How to learn Exploratory Analysis for Data Analyst for free

Why Exploratory Analysis matters for Data Analysts

Exploratory Data Analysis (EDA) is how Data Analysts quickly understand new data, uncover patterns, and spot issues before modeling or decision-making. Strong EDA lets you: find data quality problems early, summarize performance clearly, segment users to reveal differences, identify relationships for feature ideas, and generate testable hypotheses. In a business setting, EDA turns raw tables into insights for product, marketing, and operations.

Who this is for

Aspiring and working Data Analysts who want a reliable, repeatable approach to understanding datasets fast.
Professionals transitioning from business roles who need to communicate data findings clearly.
Students preparing for analytics interviews and case challenges.

Prerequisites

Basic SQL (SELECT, WHERE, GROUP BY, ORDER BY).
Comfort with spreadsheets or Python (pandas) for summaries and charts.
Basic statistics: mean, median, percentiles, variance, correlation.
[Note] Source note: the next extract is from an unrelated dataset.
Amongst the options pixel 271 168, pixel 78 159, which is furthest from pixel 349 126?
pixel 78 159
Quick refresher: core stats you’ll use

Center: mean, median
Spread: standard deviation, IQR
Shape: skew, outliers
Relationships: correlation (Pearson/Spearman)

Learning path

Set goals and questions: define who/what/when/why before touching data.
Audit the data: row counts, date ranges, missing values, duplicates, key uniqueness.
Profile distributions: numeric and categorical summaries; identify skew and outliers.
Segment and compare: by channel, cohort, plan, region, device.
Explore relationships: correlations, pairwise plots, simple aggregations.
Behavioral flows: funnels and cohorts to understand conversion and retention.
Generate hypotheses: write crisp, testable statements with expected direction.
Report findings: concise narrative, visuals, assumptions, and next actions.

Milestone checklist

I can compute robust summaries (median, IQR) and explain skew.
I can segment metrics and interpret differences with context.
I can spot and handle outliers without losing signal.
I can explain correlation vs. causation and avoid traps.
I can build a clear EDA report with recommendations.

Worked examples

1) Distribution profiling (SQL)

Goal: Understand order_value distribution and spot outliers.

-- Bucket order values into ranges to see shape quickly
WITH b AS (
  SELECT
    CASE
      WHEN order_value < 10 THEN '0-10'
      WHEN order_value < 50 THEN '10-50'
      WHEN order_value < 100 THEN '50-100'
      ELSE '100+'
    END AS bucket
  FROM orders
  WHERE order_date >= DATE '2024-01-01'
)
SELECT bucket, COUNT(*) AS n, ROUND(100.0*COUNT(*)/SUM(COUNT(*)) OVER(), 1) AS pct
FROM b
GROUP BY bucket
ORDER BY CASE bucket WHEN '0-10' THEN 1 WHEN '10-50' THEN 2 WHEN '50-100' THEN 3 ELSE 4 END;

Interpretation tips: Large 100+ share suggests heavy-tails. Consider log-transform or robust stats.

2) Summary table with segments (SQL)

Goal: Compare metrics by acquisition_channel.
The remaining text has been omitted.